The application to us is twofold. First of all, the most important event of history, the crucifixion of our Lord, follows this pattern. Jesus was crucified by evil men, and yet they did “whatever your (God’s) hand and your (God’s) plan had predestined to take place” (Acts 4:28). God has always been at work in every event of human history to accomplish his perfect, eternal plan, and the result is our redemption from sin! God’s sovereignty over everything that happens is ultimately for his glory, the revelation of his glorious character, and what we see in that revelation is grace!

The second application is that whatever the Christian sees happening in his life, whether it looks like a blessing (“Hey, the cupbearer is going to spring me from this prison!”) or not (“I can’t believe he forgot about me!”) God is at work to accomplish his good purposes (Romans 8:28).

Posted in Theology

Matthew 18:26 Can we “rebuke” like Jesus did?

And he said to them, “Why are you afraid, O you of little faith?” Then he rose and rebuked the winds and the sea, and there was a great calm.

In the English Standard Version, the greek word “epitimao” translated here, “rebuked” is variously translated, “rebuked (25x), ordered (2x), or charged (2x).” 
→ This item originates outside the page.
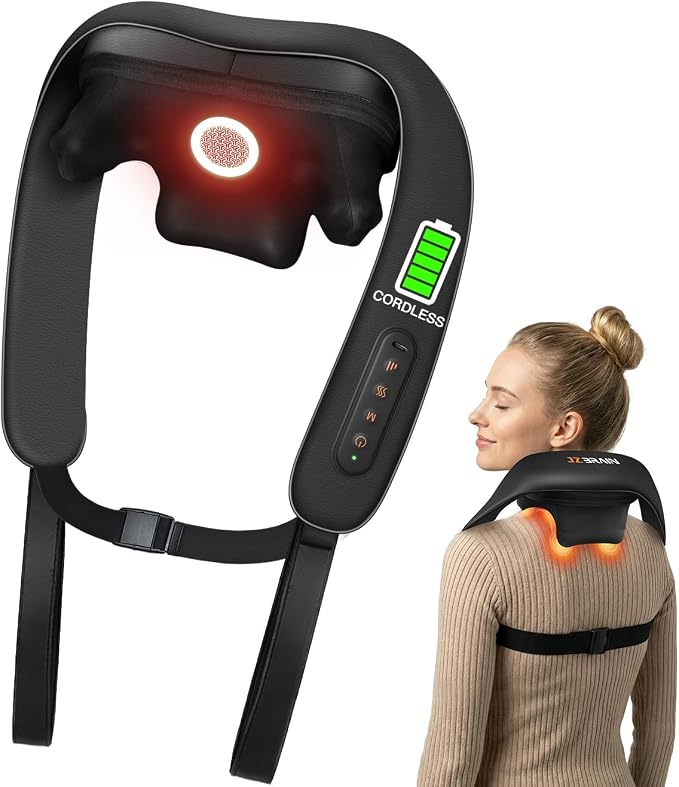 Neck Massager with Heat : Cordless Shoulder and Neck Massager by JZBRAIN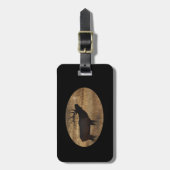 Bull elk bugling in silhouette bagagelabel (Voorkant verticaal)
Interestingly, although we see Jesus rebuking this storm, demons, and a fever, the verb’s use in relation to other people is always rebuking of a person, usually in a negative sense, as in Peter rebuking Jesus in Mark 8:32, or the disciples rebuking those who bring children to Jesus in Mark 10:13. 

When we come to Acts, there is not a single occasion where the word is used of the apostles or any believer in the same sense that it is used of Jesus in the gospels. We do not see the apostles rebuking storms, demons, or sicknesses.



Unfortunately, it is quite common to hear people today “rebuking” or “ordering” all manner of things that they think need to be rebuked in Jesus’ name. But the NT clearly shows us that this is an unbiblical practice and comes from presumption rather than faith. 

It is true that we see the apostles doing something that looks like “rebuking,” but it is interesting that an entirely different word is used there. In Acts 16.18, for example, when Paul becomes greatly annoyed, he “commands” (greek word “parangelo”) the demon to come out of the slave girl. This word, while still being quite strong (it is often translated, “command”, “order”, “charge”), nevertheless has the idea of “instruct.” It is often used in reference to instructing others in some obligation that they are to fulfill. So Paul is not commanding the demon in the sense of exercising his own authority over it, but rather he is directing the demon “in the name of Jesus.”



Even when one has a gift of faith and is able to know with certainty how he should proceed in a given situation, it is not our place to be ordering as if the authority that is Christ’s alone were given to us. Even in the great commission, Jesus reserves this authority to himself (Matt. 28:18).